▶ [Assignment]:
Give the listing back in full, exactly as written, with the pictures removed.

[Opening The data section]

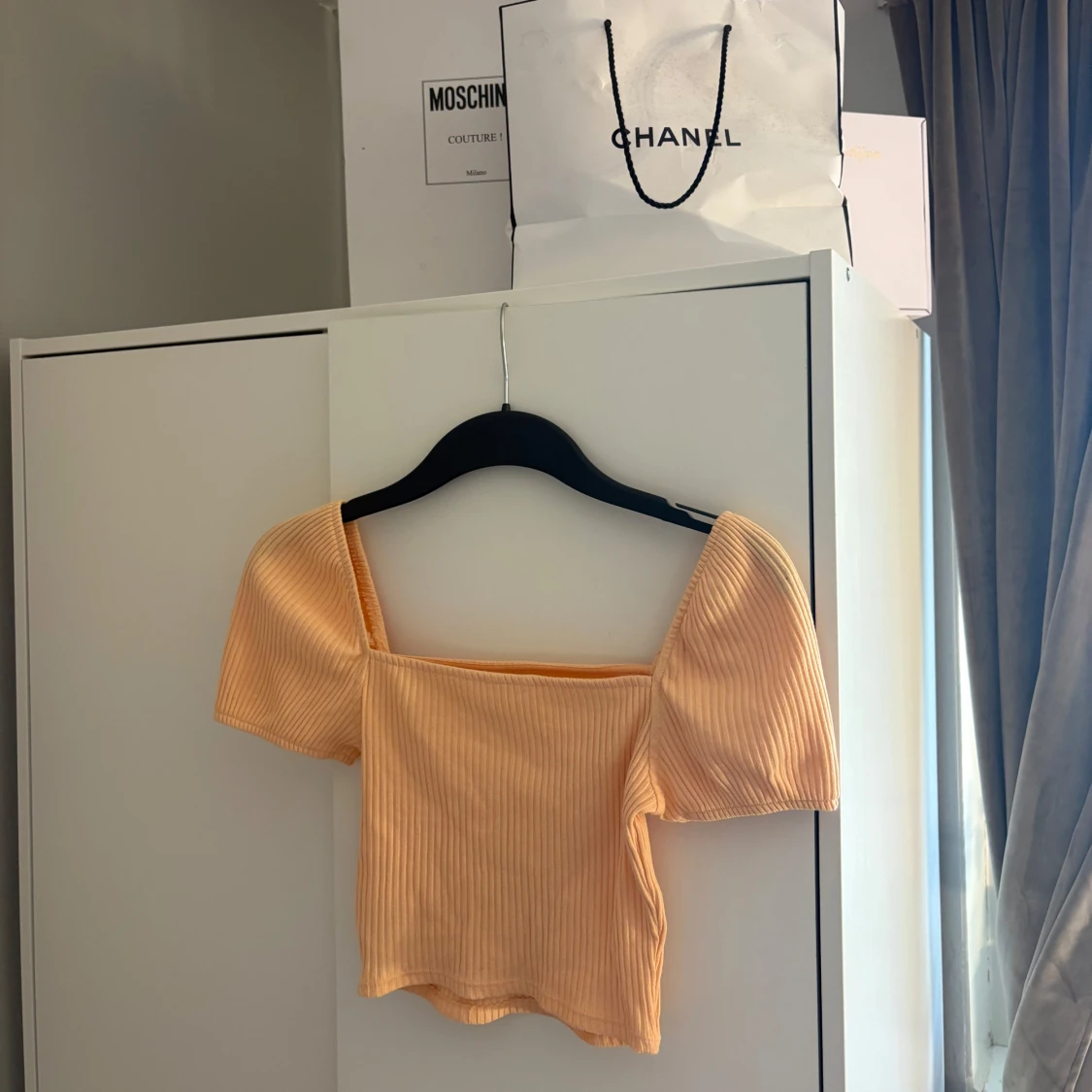 Persikofärgad topp - 1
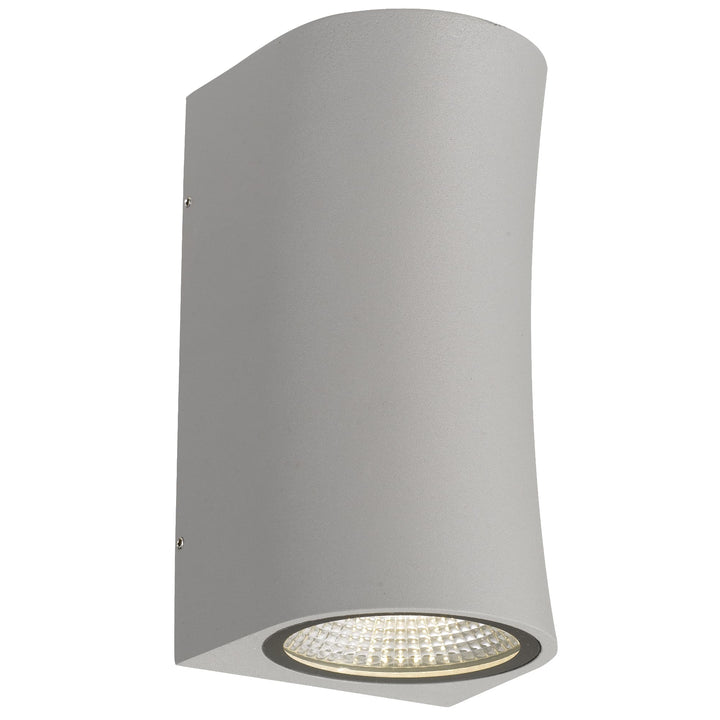 Telbix Vita Exterior Up/Down CCT LED Wall Light | Silver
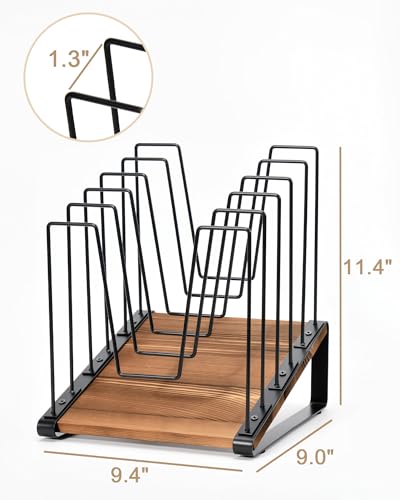 HULISEN Inclined Desk File Organizer - 5-Section Desktop File Holder, Model 1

[Closing The data section]

▶ [Worked solution]:
 Persikofärgad topp - 1
 Telbix Vita Exterior Up/Down CCT LED Wall Light | Silver
 HULISEN Inclined Desk File Organizer - 5-Section Desktop File Holder, Model 1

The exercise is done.